2. Kaba Mukuku (kaba élégant)
C’est un Kaba froncé à la taille. Il est à usages multiples. C’est un modèle qui a été adopté par plusieurs chorales Sawa ou autres.
3. Kaba Be Sungu ba maa
On désigne ainsi le Kaba aux manches courtes, qu’il soit lui-même long ou court
4. Kaba Bana
Le Kaba n’est pas seulement porté par des femmes adultes, mais aussi par des petites filles. D’où le nom Kaba Bana.
5. Kaba Ni Ndènè
Le Kaba Nindènè (Grand kaba) est le Kaba des grandes cérémonies. C’est une tenue assez fournie en fronce, de longueur considérable, et des manches longues.
Quand il s’agit des évènements solennels comme le Ngondo, c’est le Kaba Ngondo qui accourt.
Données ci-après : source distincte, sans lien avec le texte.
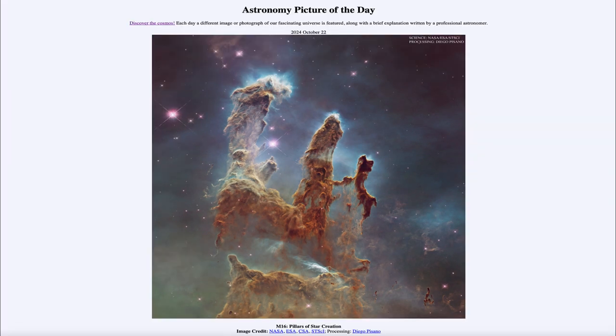That was our picture of the day for October 22nd of 2024, titled M16 Pillars of Star Creation. We'll be back tomorrow for the next picture, previewed to be a rocket catch, so we'll see what that's about. Until then, have a great day everyone, and I will see you in class.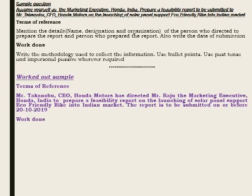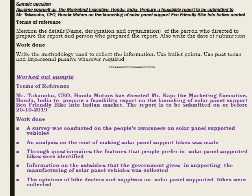After background and purpose comes terms of reference. In terms of reference, details about the person who asked to prepare the report, the person who prepared it, and the date of submission are given. After terms of reference comes work done, which includes the information or methodology followed to collect the information, represented in the form of bullet points. The tense to be used in work done is past tense, and impersonal passive can be used wherever required. In the sample, work done is written in bullet points using past tense and passive voice wherever required.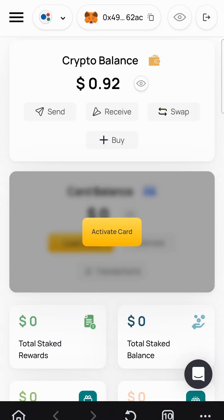Welcome back. My friend Sara recommended this app. I had Bitso and I've been using their card but for some reason they deactivated it. So now I'm trying to figure out a way to spend my crypto directly.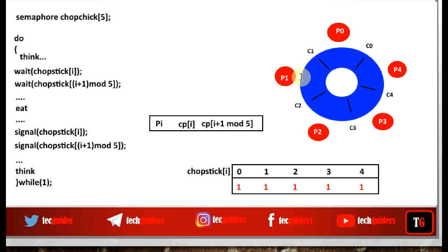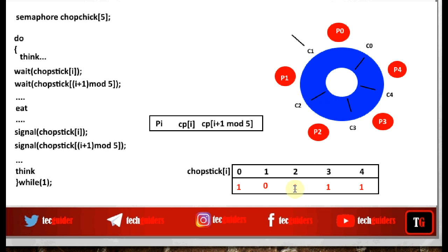For example, suppose philosopher P1 needs to eat. He executes a wait operation on semaphore C1. The value is 1, so it decrements to 0 and P1 gets hold of the left chopstick. Then P1 executes a wait on semaphore C2. That value is also 1, decrements to 0, and P1 gets hold of the right chopstick. Having grabbed both chopsticks, P1 can now start eating.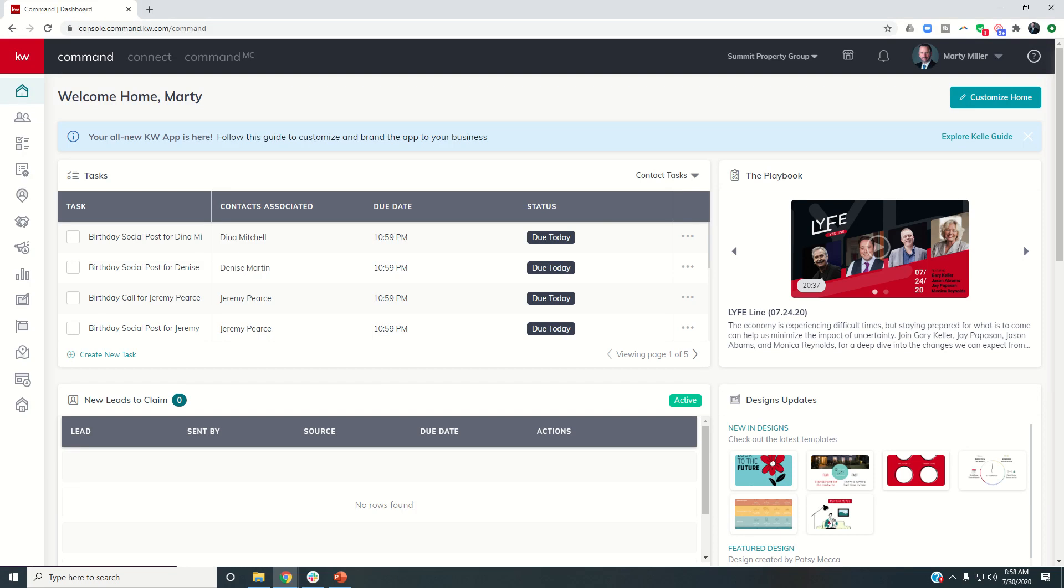Good morning, Keller Williams, and welcome back to the KW Command 60 Six-Day Challenge 4.0, and today is day 36.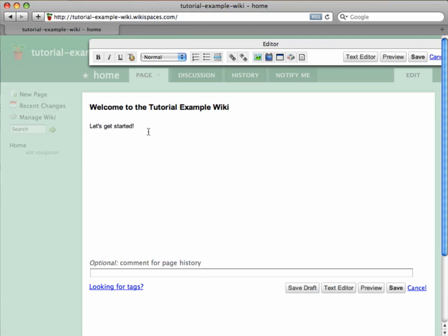I also want to add a link to a new page in the wiki. I type the name of the page I want to link to, which in this case is Images and Files, and I highlight the text.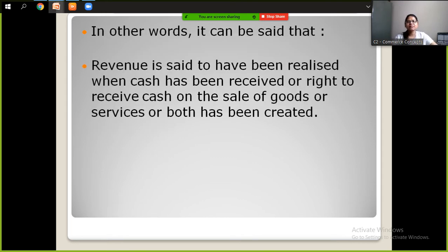In other words, revenue is said to have been realized when cash has been received, or when the right to receive cash on the sale of goods or services has been created.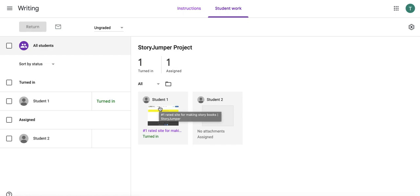So now your students will be on their way to publishing and narrating their own hardcover books and becoming published authors.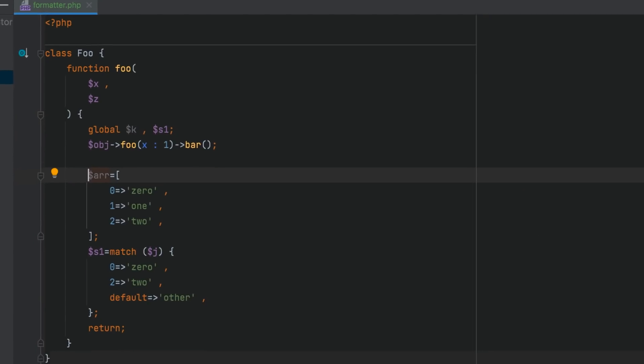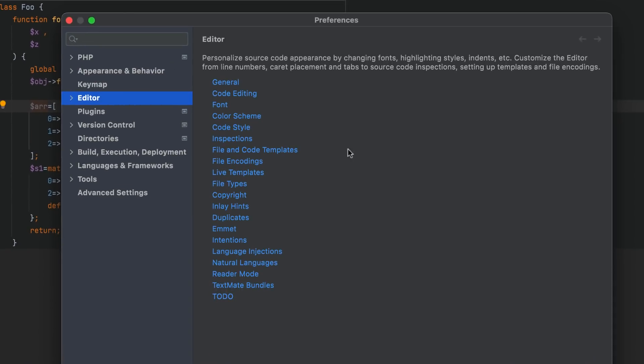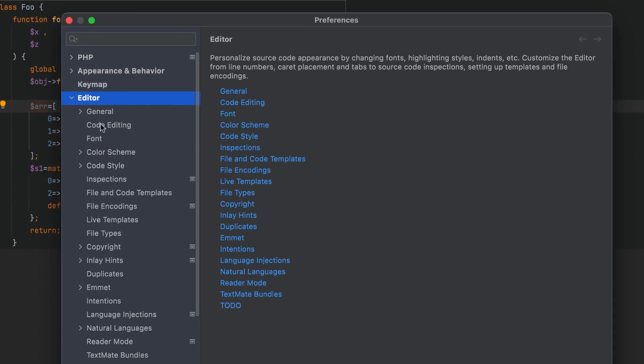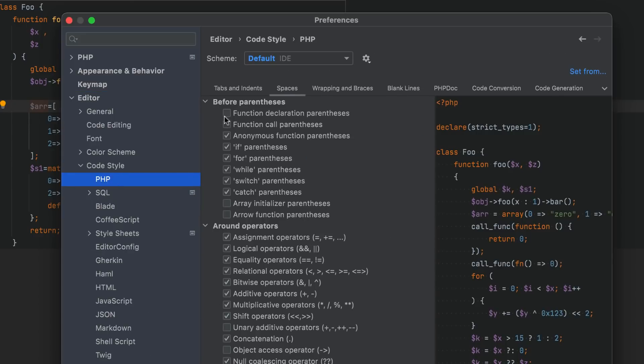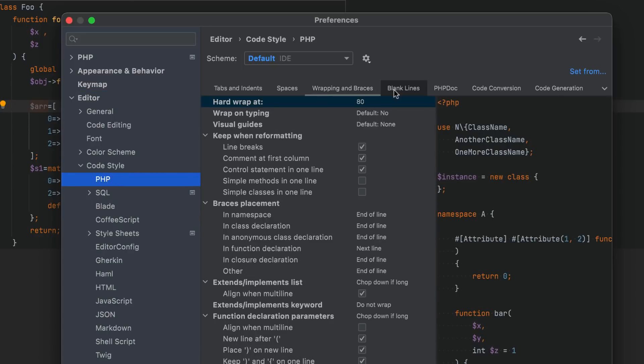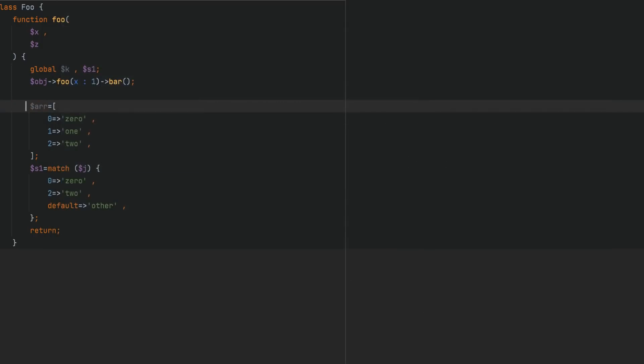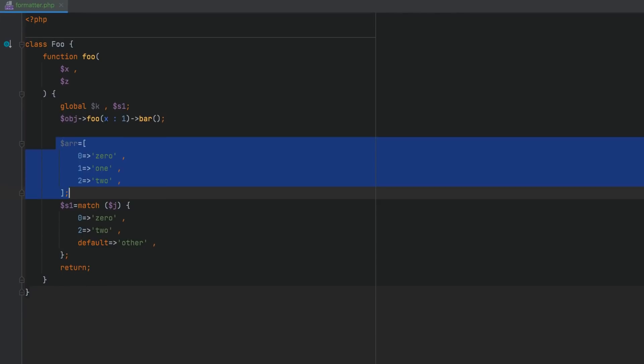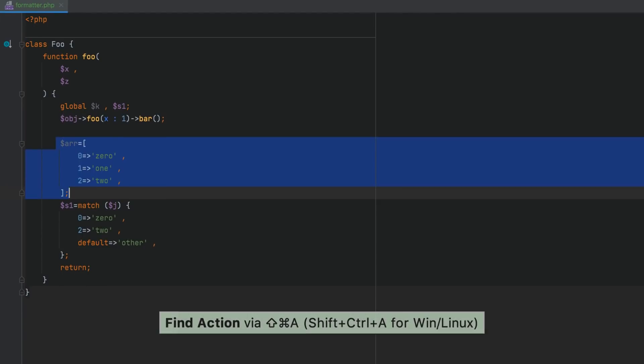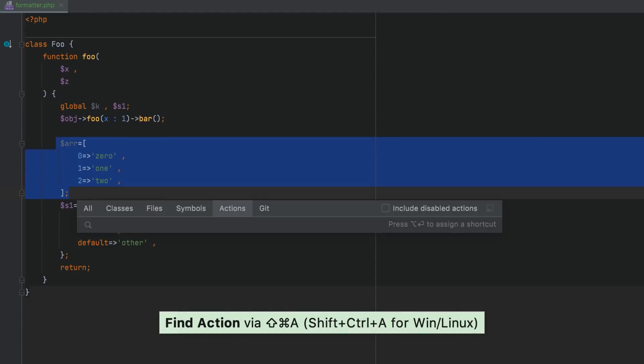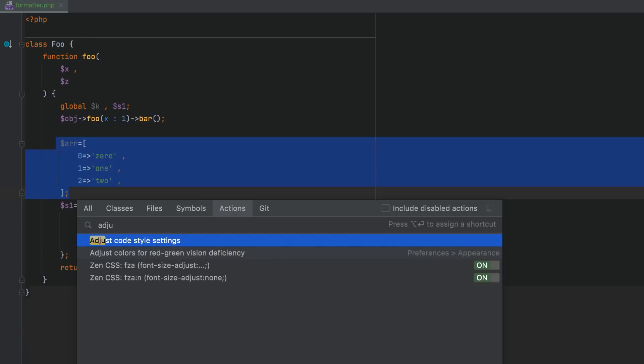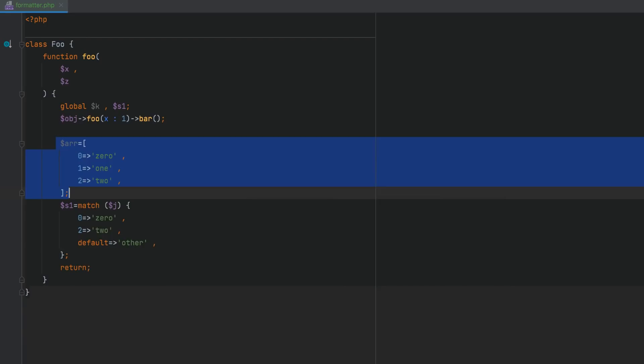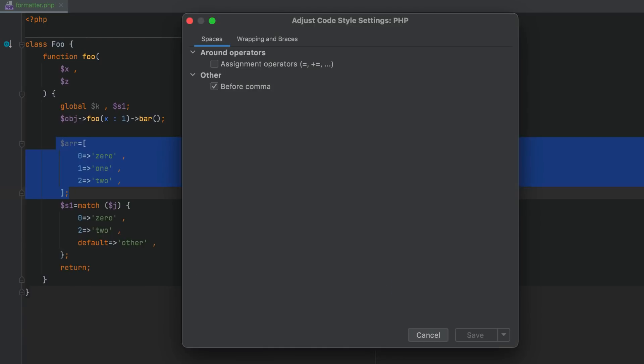All code style options are available under Preferences, Editor, Code Style, PHP. You can also select a piece of code where you want to change the formatting and press Command-Shift-A. Find the Adjust Code Style Settings action and specify the desired options in the pop-up dialog.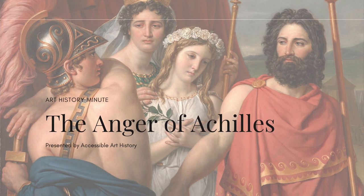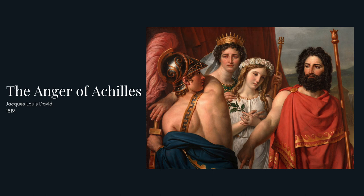Welcome back to the Accessible Art History YouTube channel. In this episode of Art History Minute, I'm going to explore a painting by the famous neoclassical artist Jacques-Louis David. During this period, works showing ancient myths were incredibly popular, so it makes sense that the artist chose to show the myth of the anger of Achilles. So to learn more, keep on watching.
C’est-à-dire, le Kaba le plus somptueux que peut se faire coudre une femme. Ample, longue, aux hanches à la Louis XIV parfois. Pourquoi, parce que parfois sous le Kaba, il y’avait un grand jupon bouffant. Celui-là, se portait, se porte et se portera toujours probablement, avec des chaussures à hauts talons. Car la longueur du Kaba plus la taille qu’elle impose vous force à compenser par des talons hauts.
Grâce à sa popularité, le kaba est non seulement la tenue officielle du Ngondo depuis les origines de ces assises traditionnelles, d’où le nom « kaba Ngondo ». Mais il est également devenu un costume national féminin, porté lors de toutes sortes d’évènements solennels.
Il est rapporté qu’au milieu des années 1940, seules les femmes âgées portaient le kaba, non seulement en signe de maturité mais aussi de prestige, car il fallait beaucoup d’argent pour se procurer autant de tissus.
Au fil des années, il eut une explosion des barrières régionales, culturelles, linguistiques, sociales et géographiques du kaba qui pourtant n’a pas toujours eu la notoriété dont il jouit aujourd’hui. En effet, les deux décennies qui ont suivi l’indépendance étaient plutôt sombres pour le kaba qui s’est vu relégué au fond des placards, porté que pour les travaux ménagers, les enterrements, les cérémonies religieuses. Les jeunes filles le trouvait disgracieux et le considérait comme vêtement de grand-mère.